Seventeen states already have or are considering legislation that would ensure that ultrasound viewing is available to women considering abortion. But South Carolina would be the first to make the viewing mandatory.

Those advancing the legislation feel that the state must guarantee that women considering abortion have all available relevant information before making this life-changing decision. The powerful images that ultrasound makes possible are surely relevant. I support this view and support the legislation.

Anyone who follows me and my work knows that I am staunchly "pro-life." I aggressively support and work with the nationwide crisis-pregnancy-center movement that counsels women considering abortion, encourages them to have their children and helps them with their lives after they give birth.

From the vantage point of we who deeply care about the abortion debate, there isn't much in the way of shades of gray. It's black and white _ a clashing of fundamentally different worldviews. Which is why the emotions run so deep.
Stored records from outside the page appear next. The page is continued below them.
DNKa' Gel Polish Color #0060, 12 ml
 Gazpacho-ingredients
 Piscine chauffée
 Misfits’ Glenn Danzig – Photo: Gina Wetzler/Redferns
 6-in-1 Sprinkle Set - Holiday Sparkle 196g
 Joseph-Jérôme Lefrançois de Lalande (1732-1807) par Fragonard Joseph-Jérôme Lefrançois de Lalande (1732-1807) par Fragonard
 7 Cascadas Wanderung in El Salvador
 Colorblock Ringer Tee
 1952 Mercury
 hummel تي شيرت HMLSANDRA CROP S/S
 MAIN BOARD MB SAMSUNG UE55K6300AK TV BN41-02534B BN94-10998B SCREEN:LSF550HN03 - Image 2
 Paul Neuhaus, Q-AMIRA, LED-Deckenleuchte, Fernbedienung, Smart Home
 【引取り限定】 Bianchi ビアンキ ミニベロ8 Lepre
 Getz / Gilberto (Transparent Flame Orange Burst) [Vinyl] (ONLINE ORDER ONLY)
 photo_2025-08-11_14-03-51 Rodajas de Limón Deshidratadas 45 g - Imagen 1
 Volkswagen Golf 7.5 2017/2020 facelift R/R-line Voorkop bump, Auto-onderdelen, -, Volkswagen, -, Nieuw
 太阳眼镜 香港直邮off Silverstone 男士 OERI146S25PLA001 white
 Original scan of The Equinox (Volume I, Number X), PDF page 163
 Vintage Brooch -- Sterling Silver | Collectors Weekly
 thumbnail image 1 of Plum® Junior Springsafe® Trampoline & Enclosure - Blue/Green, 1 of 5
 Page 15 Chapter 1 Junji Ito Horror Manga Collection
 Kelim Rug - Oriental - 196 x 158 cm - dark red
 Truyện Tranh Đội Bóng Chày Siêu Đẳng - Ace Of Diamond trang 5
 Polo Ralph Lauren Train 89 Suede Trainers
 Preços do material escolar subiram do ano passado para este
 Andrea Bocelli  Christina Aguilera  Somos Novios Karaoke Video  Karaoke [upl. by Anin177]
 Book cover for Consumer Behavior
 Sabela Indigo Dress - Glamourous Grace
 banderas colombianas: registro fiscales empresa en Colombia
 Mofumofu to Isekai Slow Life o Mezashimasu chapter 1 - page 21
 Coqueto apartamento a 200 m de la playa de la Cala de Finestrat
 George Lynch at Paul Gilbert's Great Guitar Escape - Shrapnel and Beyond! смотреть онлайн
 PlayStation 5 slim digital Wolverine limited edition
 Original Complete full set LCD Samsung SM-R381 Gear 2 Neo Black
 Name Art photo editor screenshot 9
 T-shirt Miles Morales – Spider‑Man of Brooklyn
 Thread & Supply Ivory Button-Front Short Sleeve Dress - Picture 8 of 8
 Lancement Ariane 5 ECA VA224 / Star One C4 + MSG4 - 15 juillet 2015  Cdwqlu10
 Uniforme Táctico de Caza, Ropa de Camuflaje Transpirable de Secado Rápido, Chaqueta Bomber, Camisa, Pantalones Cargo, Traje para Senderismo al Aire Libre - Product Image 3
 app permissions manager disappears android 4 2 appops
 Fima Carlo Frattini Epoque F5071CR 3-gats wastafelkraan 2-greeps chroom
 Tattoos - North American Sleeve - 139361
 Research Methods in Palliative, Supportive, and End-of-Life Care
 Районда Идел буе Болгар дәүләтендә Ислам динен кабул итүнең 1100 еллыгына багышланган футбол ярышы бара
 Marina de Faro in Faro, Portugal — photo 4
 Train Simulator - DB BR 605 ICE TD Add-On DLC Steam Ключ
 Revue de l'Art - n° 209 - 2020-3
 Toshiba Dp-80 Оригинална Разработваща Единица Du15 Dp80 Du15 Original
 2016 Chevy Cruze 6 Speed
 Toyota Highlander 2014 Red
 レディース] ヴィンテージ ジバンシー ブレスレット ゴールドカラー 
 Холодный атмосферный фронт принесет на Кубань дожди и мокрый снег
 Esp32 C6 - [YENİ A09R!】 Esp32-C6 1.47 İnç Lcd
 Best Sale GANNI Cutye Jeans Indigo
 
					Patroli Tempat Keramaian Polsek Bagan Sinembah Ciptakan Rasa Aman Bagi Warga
An increasing number of crisis-pregnancy centers now have ultrasound equipment that allows clients to see the child developing within them. Their experience shows that there is little question that this materially impacts the decision that women make. Centers report that anywhere from 62 percent up to 95 percent of women who had intended to abort changed their minds after seeing the images.

Assuming that these statistics are accurate, the question remains whether these young women changed their minds because their perceptions of the reality with which they were dealing changed, or because they were intimidated or emotionally blackmailed.

Intimidation or blackmail implies some kind of threat. What exactly might that threat be?

You might say that a young woman with a pregnancy she did not intend is emotionally vulnerable. I would agree with that.

It's exactly why statements from the NARAL universe that portray these young women ("fully capable of asking their doctor for information they need") as cool, sober and rational, calculating the equivalent of whether or not to have a wart removed, or to get a Botox injection, are so ludicrous.

As any woman can tell you, instincts and intuition are powerful. These women are stressed because they know that suddenly the decision they have to make is not casual. That it is deeply meaningful and gravely important. Chances are, if they had the tools at their disposal to make a proper decision, they would not be in the situation they are in to begin with.

In South Carolina, as in the nation as a whole, about half the abortions that are performed are on women under 24. Around 17 percent are on women under age 19.

What kind of sense can it possibly make to suggest that a young woman, who we don't think is old enough to vote or go into a liquor store and buy beer, has the resources on her own to understand the implications of aborting a child? Is there some absence of proportion here?

A woman in her 40s may not remember who taught her math in high school, but she'll never forget the abortion she had. Why?

Knowledge comes to us through different paths. We hear and read words. But visual images are something else. Why, when we realize something we had been indifferent to or unaware of, do we say our "eyes were opened"?

More eyes are opening in our country today and realizing that freedom is not tantamount to meaninglessness.

When these young women see fingers, toes and a beating heart, they understand the emerging life within them. This is a profound moment of personal growth. It's what causes their change and opens the door to their own rebirth and a life with new possibilities.

As in the words of the great hymn, "Amazing Grace": "Was blind, but now I see."

Sanford and the South Carolina legislature provide a model of leadership and human responsibility toward which the rest of the nation should take a long, careful and hard look.